= Charles Lipson =

American professor emeritus of political science ar University of Chicago

Charles H. Lipson (born February 1, 1948) is an American political scientist who is professor emeritus of political science at the University of Chicago. His areas of specialization include international relations, international political economy and modern international history.

==Education==
Born and raised in Marks, Mississippi, Lipson attended Yale as an undergraduate, where he studied Political Science and Economics. He received a Master of Arts degree and a doctoral degree from Harvard University.

While studying at Harvard, Lipson won the Chase Prize for the best essay on a subject relating to the promotion of world peace.

==Career==
Charles Lipson has taught at the University of Chicago since 1977. His research focuses on international cooperation and conflict and political aspects of international trade, debt, and investment. In addition to his political science publications, Lipson writes books on academic integrity, adjusting to college and doing research that are broadly applicable to students of all academic interests.

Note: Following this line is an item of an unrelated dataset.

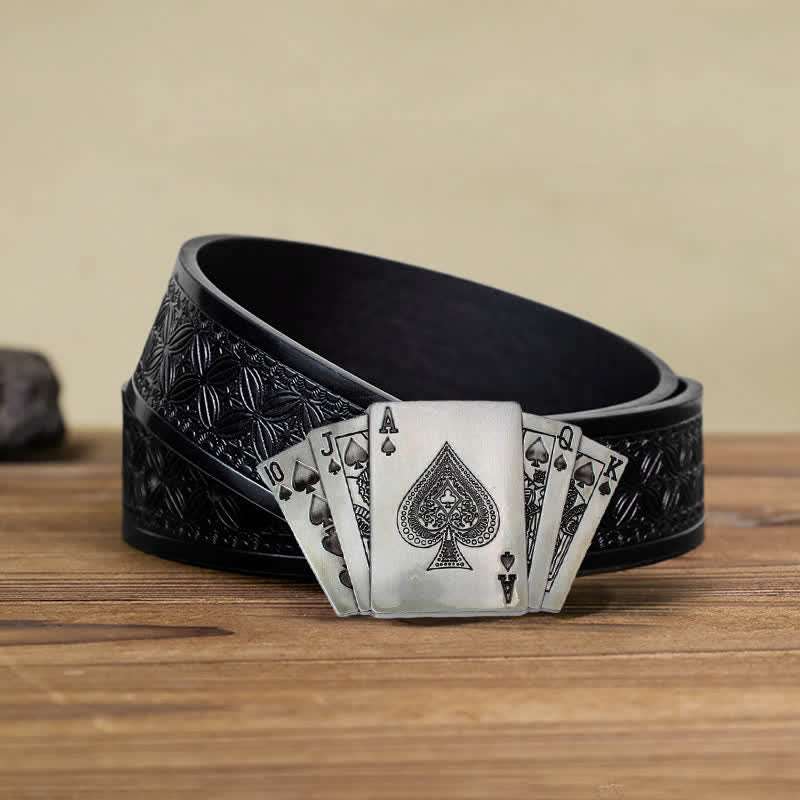 Men's DIY Poker Royal Flush Buckle Leather Belt - Image 6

Lipson is the co-founder and director of the Program on International Politics, Economics, and Security (PIPES), a weekly workshop for graduate students to discuss research issues in international politics.

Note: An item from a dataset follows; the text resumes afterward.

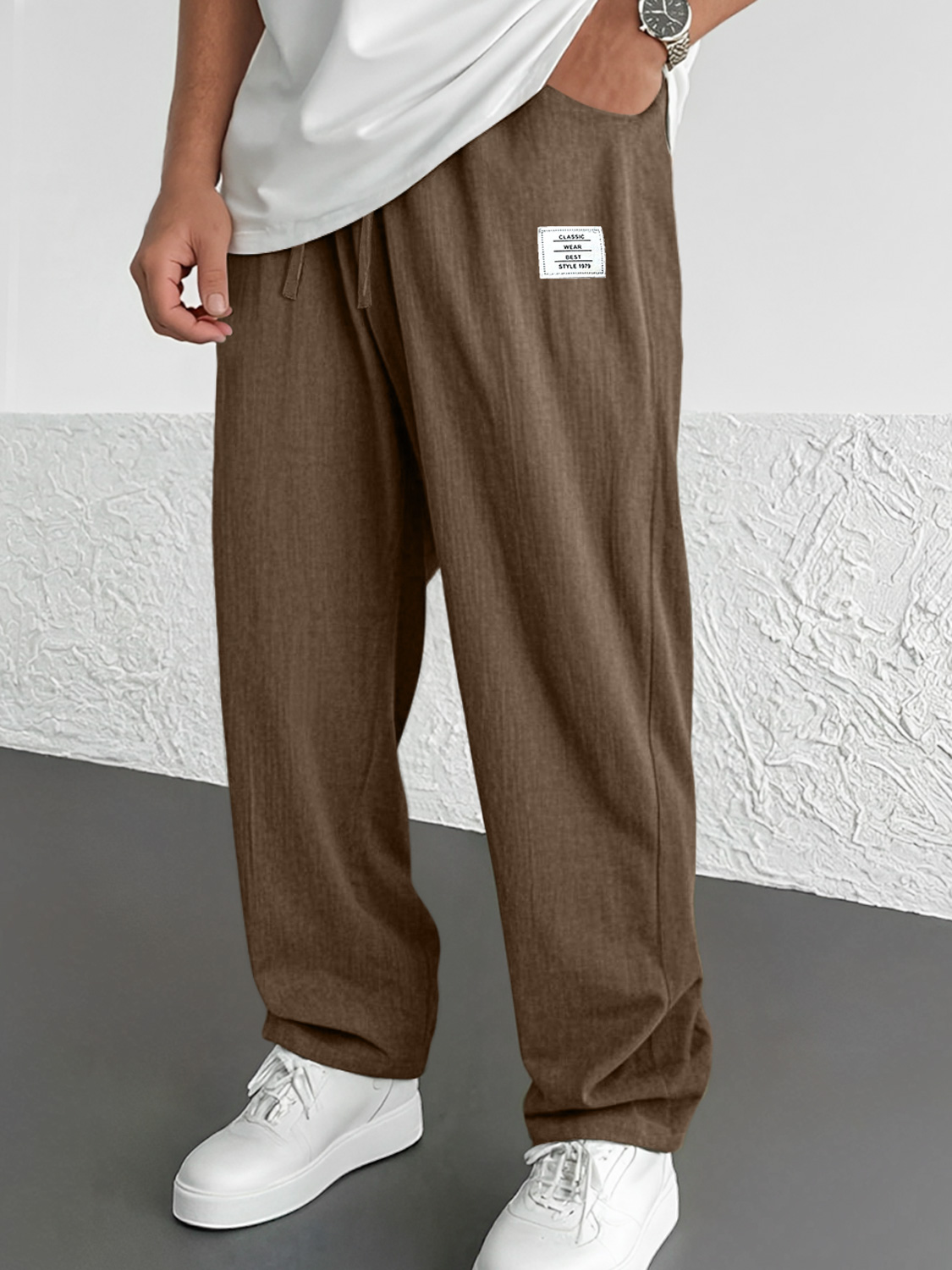Herren Alltags Freizeit Bestickte Logo Einfarbige Komforthose-deurabatt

In 1991, he served as the Secretary of the American Political Science Association

==Publications==

===Books===

| Book | Year | Type | Published | ISBN |
|---|---|---|---|---|
| Standing Guard: Protecting Foreign Capital in the Nineteenth and Twentieth Centuries | 1985 | Non-fiction | University of California Press | 978-0520034686 |
| Reliable Partners: How Democracies Have Made a Separate Peace | 2003 | Non-fiction | Princeton University Press | 978-0691113906 |
| How to Write a BA Thesis: A Practical Guide from Your First Ideas to Your Finished Paper | 2005 | Non-fiction | University of Chicago Press | 978-0226484648 |
| Doing Honest Work in College: How to Prepare Citations, Avoid Plagiarism, and Achieve Real Academic Success 2nd ed. | 2008 | Non-fiction | University of Chicago Press | 978-0226484778 |
| Cite Right: A Quick Guide to Citation Styles—MLA, APA, Chicago, the Sciences, Professions, and More2nd ed | 2011 | Non-fiction | University Of Chicago Press | 978-0226484648 |

In the book, Reliable Partners: How Democracies Have Made a Separate Peace (2003), Lipson examines "why democracies do not fight wars against each other."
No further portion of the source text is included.